本発明は、鉄道車両や自動車などの移動体の制動装置の改良に関する。
鉄道車両は、インバータ技術の進展とともにモータ制御のインバータ化が進んでいる。インバータを使用すると容易にモータをブレーキ装置として使用することができ、制動力を電気エネルギーとして取り出せることから、モータを使用した電気ブレーキが幅広く使われている。電気ブレーキで取り出した電気エネルギーは、同一架線内の他の鉄道車両で使用することになるが、他の車両も減速中などのように、同時に発電している場合などは、電気ブレーキを使用することができない。また、急な減速や停止状態を保つことは、電気ブレーキだけでは困難であることから、鉄道車両では空気ブレーキも併用される。つまり、鉄道車両は、電気ブレーキと空気ブレーキで制動される構成となっている。
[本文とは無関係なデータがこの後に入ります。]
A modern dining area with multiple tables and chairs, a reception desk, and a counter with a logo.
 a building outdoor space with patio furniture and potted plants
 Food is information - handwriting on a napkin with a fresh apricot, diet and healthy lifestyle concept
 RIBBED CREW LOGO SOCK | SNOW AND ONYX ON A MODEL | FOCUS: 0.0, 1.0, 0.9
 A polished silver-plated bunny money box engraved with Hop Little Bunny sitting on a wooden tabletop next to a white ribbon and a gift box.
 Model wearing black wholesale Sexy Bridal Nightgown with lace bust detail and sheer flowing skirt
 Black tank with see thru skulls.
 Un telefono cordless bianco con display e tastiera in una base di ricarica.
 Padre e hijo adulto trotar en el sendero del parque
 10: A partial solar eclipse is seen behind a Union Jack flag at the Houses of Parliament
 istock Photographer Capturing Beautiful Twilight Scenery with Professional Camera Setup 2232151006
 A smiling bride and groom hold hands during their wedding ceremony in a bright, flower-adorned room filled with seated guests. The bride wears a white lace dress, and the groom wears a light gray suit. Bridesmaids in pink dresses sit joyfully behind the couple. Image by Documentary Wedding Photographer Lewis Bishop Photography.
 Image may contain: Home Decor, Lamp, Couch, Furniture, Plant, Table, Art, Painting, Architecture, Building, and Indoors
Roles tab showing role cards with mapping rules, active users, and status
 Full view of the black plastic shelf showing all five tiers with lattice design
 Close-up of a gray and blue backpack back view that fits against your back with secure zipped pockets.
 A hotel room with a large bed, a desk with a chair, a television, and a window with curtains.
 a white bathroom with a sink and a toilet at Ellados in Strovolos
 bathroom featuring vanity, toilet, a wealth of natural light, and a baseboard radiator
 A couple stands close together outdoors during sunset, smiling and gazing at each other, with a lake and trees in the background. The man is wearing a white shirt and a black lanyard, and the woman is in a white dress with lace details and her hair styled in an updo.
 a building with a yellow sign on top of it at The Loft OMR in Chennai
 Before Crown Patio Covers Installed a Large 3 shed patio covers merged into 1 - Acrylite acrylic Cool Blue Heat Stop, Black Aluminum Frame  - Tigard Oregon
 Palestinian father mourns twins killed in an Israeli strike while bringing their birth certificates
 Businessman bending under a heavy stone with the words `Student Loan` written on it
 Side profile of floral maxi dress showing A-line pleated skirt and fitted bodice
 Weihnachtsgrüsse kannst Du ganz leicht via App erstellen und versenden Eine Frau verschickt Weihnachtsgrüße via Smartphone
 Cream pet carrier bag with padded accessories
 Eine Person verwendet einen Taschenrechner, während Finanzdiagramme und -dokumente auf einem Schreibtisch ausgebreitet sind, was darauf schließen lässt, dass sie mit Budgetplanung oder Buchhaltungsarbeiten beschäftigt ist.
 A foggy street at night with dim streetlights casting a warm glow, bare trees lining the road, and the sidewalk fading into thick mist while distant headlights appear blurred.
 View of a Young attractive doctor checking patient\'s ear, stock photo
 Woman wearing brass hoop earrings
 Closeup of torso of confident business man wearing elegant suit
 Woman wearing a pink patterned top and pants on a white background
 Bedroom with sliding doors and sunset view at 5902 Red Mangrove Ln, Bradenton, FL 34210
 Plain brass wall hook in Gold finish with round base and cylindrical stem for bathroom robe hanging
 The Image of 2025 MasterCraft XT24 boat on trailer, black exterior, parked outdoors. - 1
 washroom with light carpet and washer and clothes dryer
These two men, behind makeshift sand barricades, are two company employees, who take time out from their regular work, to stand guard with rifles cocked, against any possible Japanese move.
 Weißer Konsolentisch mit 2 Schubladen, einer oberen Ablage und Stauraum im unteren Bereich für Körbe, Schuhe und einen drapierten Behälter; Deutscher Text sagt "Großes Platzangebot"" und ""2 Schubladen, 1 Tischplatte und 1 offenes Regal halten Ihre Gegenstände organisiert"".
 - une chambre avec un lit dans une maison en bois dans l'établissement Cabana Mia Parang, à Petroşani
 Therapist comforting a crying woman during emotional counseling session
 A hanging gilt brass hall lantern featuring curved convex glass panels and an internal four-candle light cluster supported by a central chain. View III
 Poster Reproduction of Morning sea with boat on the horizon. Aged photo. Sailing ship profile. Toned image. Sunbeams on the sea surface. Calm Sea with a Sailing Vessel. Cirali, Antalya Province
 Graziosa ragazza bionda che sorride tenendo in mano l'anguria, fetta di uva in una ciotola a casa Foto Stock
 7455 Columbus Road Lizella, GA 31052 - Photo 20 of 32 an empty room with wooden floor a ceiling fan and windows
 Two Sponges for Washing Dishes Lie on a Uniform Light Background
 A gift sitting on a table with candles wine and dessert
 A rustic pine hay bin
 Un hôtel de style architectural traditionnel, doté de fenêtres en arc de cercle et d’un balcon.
通常のブレーキは、電気ブレーキだけとしつつ、ブレーキ力が不足するときは、特許文献1に開示されているように、空気ブレーキで補うことが行われているが、車輪が滑走した場合などは、次のような問題が発生する。鉄道車両は、鉄でできた車輪とレールの接触で走行していることから、滑りやすい構造となっている。特に、雨天時などレールが濡れているときには、摩擦力が一層低下して滑走が頻発する。滑走を放置すると車輪の不均一な摩耗が発生して、乗り心地の悪化や脱線などの問題が発生するため、滑走を防止する滑走防止制御が行われている。滑走防止制御を電気ブレーキと空気ブレーキで同時に実施すると、互いの制御が干渉することになり、制御が不安定になる。そこで、従来は、電気ブレーキを止め、その分を空気ブレーキに上乗せし、滑走が発生すると空気ブレーキの制動力を低下させ、滑走が止まると再び増加させる制御を繰り返す。
特開平5−199604号公報(段落0002ほか)
従来のように、滑走時に電気ブレーキを停止して空気ブレーキだけでブレーキ操作をすると、電力回生ができないためにエネルギーの無駄が発生する。また、空気ブレーキの負荷が増加するためにブレーキパッドの摩耗が激しくなるなどの問題が発生する。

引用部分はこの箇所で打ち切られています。